DULUTH -- A concern was brought forth during the Duluth city council's work session Monday about contracts handed out by the city for certain events.
Currently, state criminal law and the city's ethics ordinance restrict city officials from entering into certain types of contracts with the city.
The request put forth by the city attorney was to eliminate the contract requirement for vendors at city events.
However, a few of the council members raised concerns about a conflict of interest for elected officials and city employees.
"We don't need to have elected officials or full-time employees allowed to enter into a contract with the city," said councilman Jim Dugan. "We've seen a lot of other cities around this country where underhanded things are happening and I don't want that to happen to Duluth."
Not only did the thinking go on as far as elected officials and full-time employees, but also their spouses.
"We don't want it to seem like we're favoring certain people over others," Dugan said. "It's all a matter of perception."
The one exception was for appointed officials, who basically volunteer their time for the city.
Councilman Billy Jones stressed that the city could run into a problem for people volunteering their time to serve on committees if they couldn't be allowed to provide goods and services at city sponsored events using their own businesses.
Other items discussed on the agenda include:
The ordinance of rezoning for the Korean Church of Atlanta, which was tabled at the Feb. 13 city council meeting, was presented again with the changes requested by the city council.

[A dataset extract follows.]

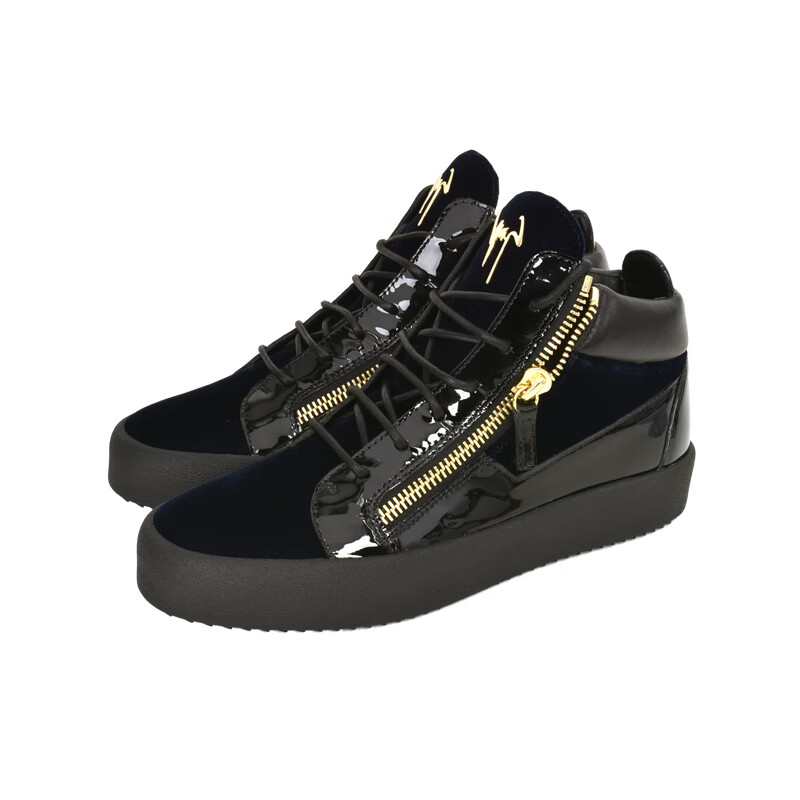giuseppe zanotti 朱塞佩·萨诺第/男士绒皮拼接厚底鞋ru70010vero 深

The concern over the amount trees on the property is no longer a concern after city council members saw the property and, although there is a lot of greenery, it's more shrubbery than anything else. Twenty parking spots will also be included on the property just off Summit Ridge Parkway, while pedestrian traffic will use already installed crosswalks to get across the street. Safety issues in terms of parking were brought up by the city council, but members representing the church agreed to take the council's request and make them happen.
More than 600 properties will see a change in their flood zone rate as the Federal Emergency Management Agency recently redrew its Flood Insurance Rate Maps. Those residents have been informed and have been asked to submit appeals before June 9.